Data provided
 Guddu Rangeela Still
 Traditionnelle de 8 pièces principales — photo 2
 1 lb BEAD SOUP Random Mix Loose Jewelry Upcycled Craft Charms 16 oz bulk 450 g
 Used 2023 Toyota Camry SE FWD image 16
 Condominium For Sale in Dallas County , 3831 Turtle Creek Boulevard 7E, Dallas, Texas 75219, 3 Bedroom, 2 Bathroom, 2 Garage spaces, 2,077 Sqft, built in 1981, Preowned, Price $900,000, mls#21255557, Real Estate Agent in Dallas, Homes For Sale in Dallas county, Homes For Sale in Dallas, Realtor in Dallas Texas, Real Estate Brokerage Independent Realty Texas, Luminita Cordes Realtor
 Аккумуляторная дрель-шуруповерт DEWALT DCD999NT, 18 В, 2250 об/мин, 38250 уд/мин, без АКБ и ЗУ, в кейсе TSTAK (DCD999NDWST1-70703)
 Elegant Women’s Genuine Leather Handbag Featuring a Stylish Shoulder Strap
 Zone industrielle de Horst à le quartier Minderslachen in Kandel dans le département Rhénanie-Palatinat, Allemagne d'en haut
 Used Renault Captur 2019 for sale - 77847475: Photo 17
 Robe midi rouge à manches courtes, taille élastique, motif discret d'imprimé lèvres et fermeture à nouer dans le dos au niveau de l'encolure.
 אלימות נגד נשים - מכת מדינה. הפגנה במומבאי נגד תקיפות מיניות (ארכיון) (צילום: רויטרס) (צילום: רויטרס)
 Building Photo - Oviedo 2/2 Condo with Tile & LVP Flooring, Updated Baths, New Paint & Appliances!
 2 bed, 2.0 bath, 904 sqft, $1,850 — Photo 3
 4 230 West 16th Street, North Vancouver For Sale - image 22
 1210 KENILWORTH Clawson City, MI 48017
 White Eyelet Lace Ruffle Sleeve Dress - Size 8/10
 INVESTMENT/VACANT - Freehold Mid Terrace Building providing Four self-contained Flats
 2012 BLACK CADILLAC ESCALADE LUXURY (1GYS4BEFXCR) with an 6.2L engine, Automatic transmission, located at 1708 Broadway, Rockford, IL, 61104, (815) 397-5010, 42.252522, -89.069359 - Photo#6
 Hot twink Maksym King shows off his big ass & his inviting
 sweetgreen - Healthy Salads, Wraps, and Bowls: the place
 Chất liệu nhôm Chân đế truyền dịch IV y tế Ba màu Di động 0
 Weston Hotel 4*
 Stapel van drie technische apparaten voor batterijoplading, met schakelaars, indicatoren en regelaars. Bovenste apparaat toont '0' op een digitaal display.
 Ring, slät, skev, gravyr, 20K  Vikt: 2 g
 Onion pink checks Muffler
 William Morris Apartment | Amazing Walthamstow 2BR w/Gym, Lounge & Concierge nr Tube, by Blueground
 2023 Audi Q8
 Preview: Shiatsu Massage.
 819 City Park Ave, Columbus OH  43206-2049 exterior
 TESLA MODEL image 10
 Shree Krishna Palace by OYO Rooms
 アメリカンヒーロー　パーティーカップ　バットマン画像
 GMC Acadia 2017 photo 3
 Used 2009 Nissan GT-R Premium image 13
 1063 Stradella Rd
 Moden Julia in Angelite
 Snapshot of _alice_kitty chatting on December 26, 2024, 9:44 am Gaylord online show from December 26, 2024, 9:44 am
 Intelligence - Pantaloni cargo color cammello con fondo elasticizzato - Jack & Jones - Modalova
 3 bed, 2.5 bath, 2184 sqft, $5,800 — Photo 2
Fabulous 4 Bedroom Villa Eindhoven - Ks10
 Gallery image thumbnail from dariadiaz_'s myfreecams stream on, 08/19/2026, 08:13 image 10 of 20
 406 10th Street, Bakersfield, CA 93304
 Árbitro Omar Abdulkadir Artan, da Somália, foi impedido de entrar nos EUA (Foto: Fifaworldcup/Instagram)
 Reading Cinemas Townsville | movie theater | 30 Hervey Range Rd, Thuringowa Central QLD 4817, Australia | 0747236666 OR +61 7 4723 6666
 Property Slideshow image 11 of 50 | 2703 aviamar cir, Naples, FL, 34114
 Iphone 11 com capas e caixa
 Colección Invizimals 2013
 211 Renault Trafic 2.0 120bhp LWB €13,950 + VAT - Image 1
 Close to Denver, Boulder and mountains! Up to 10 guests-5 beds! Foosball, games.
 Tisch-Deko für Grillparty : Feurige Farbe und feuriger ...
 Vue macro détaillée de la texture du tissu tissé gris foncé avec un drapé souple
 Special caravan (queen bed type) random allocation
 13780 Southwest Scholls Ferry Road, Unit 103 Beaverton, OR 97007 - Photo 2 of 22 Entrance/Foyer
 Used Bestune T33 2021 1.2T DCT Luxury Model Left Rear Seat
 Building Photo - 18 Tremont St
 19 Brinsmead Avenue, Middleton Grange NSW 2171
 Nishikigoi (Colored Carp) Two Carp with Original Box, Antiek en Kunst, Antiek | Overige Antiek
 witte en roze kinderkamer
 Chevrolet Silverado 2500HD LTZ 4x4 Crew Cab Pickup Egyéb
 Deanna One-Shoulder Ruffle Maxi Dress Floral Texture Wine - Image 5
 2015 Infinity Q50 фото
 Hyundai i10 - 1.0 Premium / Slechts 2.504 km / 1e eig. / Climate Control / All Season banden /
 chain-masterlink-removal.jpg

Brief
Using the records above, restate word for word the lines from the one with "Chất liệu nhôm" through the one with "406 10th Street, Bakersfield, CA 93304", both included.

Exercise result
 Chất liệu nhôm Chân đế truyền dịch IV y tế Ba màu Di động 0
 Weston Hotel 4*
 Stapel van drie technische apparaten voor batterijoplading, met schakelaars, indicatoren en regelaars. Bovenste apparaat toont '0' op een digitaal display.
 Ring, slät, skev, gravyr, 20K  Vikt: 2 g
 Onion pink checks Muffler
 William Morris Apartment | Amazing Walthamstow 2BR w/Gym, Lounge & Concierge nr Tube, by Blueground
 2023 Audi Q8
 Preview: Shiatsu Massage.
 819 City Park Ave, Columbus OH  43206-2049 exterior
 TESLA MODEL image 10
 Shree Krishna Palace by OYO Rooms
 アメリカンヒーロー　パーティーカップ　バットマン画像
 GMC Acadia 2017 photo 3
 Used 2009 Nissan GT-R Premium image 13
 1063 Stradella Rd
 Moden Julia in Angelite
 Snapshot of _alice_kitty chatting on December 26, 2024, 9:44 am Gaylord online show from December 26, 2024, 9:44 am
 Intelligence - Pantaloni cargo color cammello con fondo elasticizzato - Jack & Jones - Modalova
 3 bed, 2.5 bath, 2184 sqft, $5,800 — Photo 2
Fabulous 4 Bedroom Villa Eindhoven - Ks10
 Gallery image thumbnail from dariadiaz_'s myfreecams stream on, 08/19/2026, 08:13 image 10 of 20
 406 10th Street, Bakersfield, CA 93304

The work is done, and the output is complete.